Es ist ein kalter und verregneter Morgen. Ich war am Tag zuvor nicht mehr bei Peggy. Andrew hatte sich auch nicht mehr gemeldet. Ich beginne, daran zu zweifeln, ob das so weiter gehen soll. Ich möchte nicht alle zwei Wochen so ein Chaos haben und ich weiß auch immer noch nicht, wieso er mich gestern früh nicht weckte, sondern einfach ging.
Bei diesen Gedanken gehe ich langsam an mein Fenster, um Licht und Luft in das Zimmer zu lassen. Es wird Winter. Einige Bäume sind schon komplett von den Blättern befreit.
Meine Lieblingsjahreszeit ist der Herbst. Er kann kalt und mild sein. Die Natur ist ganz bunt. Als ich so aus dem Fenster sehe ich einen Jeep in die Richtung meines Hauses fahren: Andrew.
Ich werfe mir meinen Morgenmantel um, schlüpfe in ein paar Hausschuhe und gehe hinunter. Die Tür öffne ich noch bevor Andrew auf der Terrasse stehen kann. Er bleibt bei seinem Jeep kurze Zeit stehen. Man sieht ihm richtig an, wie er überlegt, was er nun tun soll.
„Ich wusste nicht, dass du schon wach bist.“, sagt er so leise, dass ich mich wirklich anstrengen muss, ihn zu verstehen. Ich antworte nicht, sondern ziehe nur die Augenbrauen nach oben und warte, was er mir noch zu sagen hat. „Es tut mir Leid wegen gestern. Ich wollte viel früher zu euch kommen, aber das ging nicht und Peggy war ja dank dir gut versorgt.“ – „Du sagst es: Dank mir!“ – „Ach Megan, komm schon, jeder macht mal Fehler.“ Stille. „Warst du deswegen jetzt hier, um mir das zu sagen?“ – „Auch.“ Andrew öffnet die hintere Tür seines Jeeps und holt einen großen DinA4- Umschlag hervor. Wortlos reicht er mir ihn. Ich vermeide es, dass sich unsere Hände berühren.
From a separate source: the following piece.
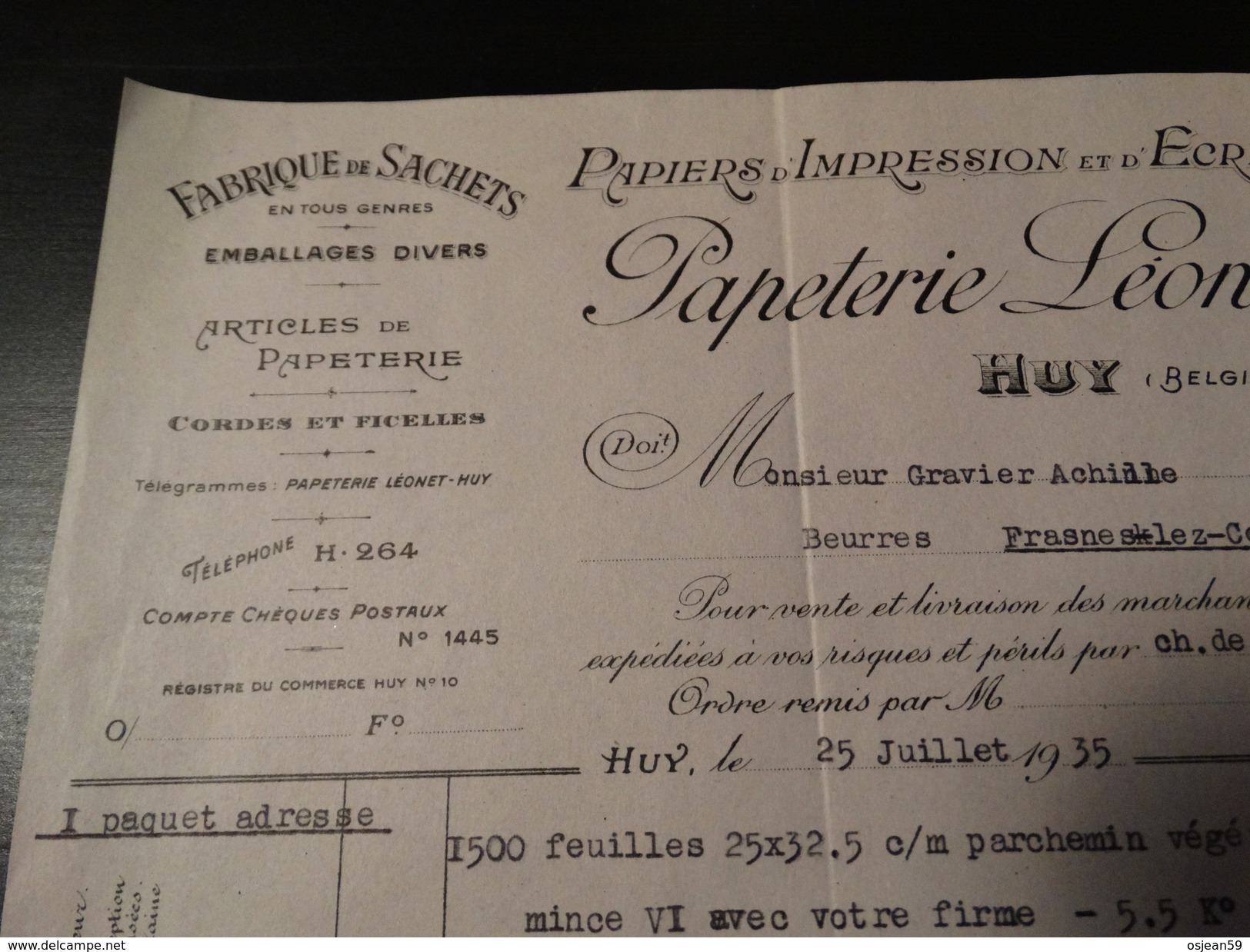 Facture : Papeterie Léonet à Huy Papiers D'impression Et D'écriture-Fabrique De Sachets.-1935- - Drukkerij & Papieren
Der Umschlag ist nicht beschriftet, ich öffne ihn und ziehe ein normales Blatt Papier heraus.
„Peggy hat etwas für dich gemalt und ich sollte es dir bringen.“ Ich sehe ihn bei seinen Worten nicht an, aber lächele kurz während ich mir ihr Kunstwerk ansehe. Für ihr Alter kann man wirklich von einem Kunstwerk sprechen. Auf dem Papier ist eine orange Katze, die wachsam auf Pflastersteinen sitzt und darauf wartet, dass ein Mäuschen in ihre Nähe kommt. Die Zeichnung ist echt witzig und süß. „Sage ihr, dass ich mich darüber sehr freue.“ Ohne ihn noch eines Blickes zu würdigen, drehe ich mich um und gehe in mein Haus. Als ich die Tür zuschmeißen will, steht Andrew mit seinem Fuß auch schon zwischen Tür und Rahmen. „Ich habe doch gesagt, dass es mir Leid tut!“ – „Das reicht mir nicht.“, sage ich und sehe ihm direkt in die Augen. „Ich will mich nicht jede Woche wegen solchen Dingen ärgern. Das nervt mich. Stört dich das nicht?“ Ich sehe ihn fragend an. „Doch klar stört mich das auch, aber was soll ich denn machen?“ – „REDEN!“ Ich stoße ein verzweifeltes Lachen aus. Stille.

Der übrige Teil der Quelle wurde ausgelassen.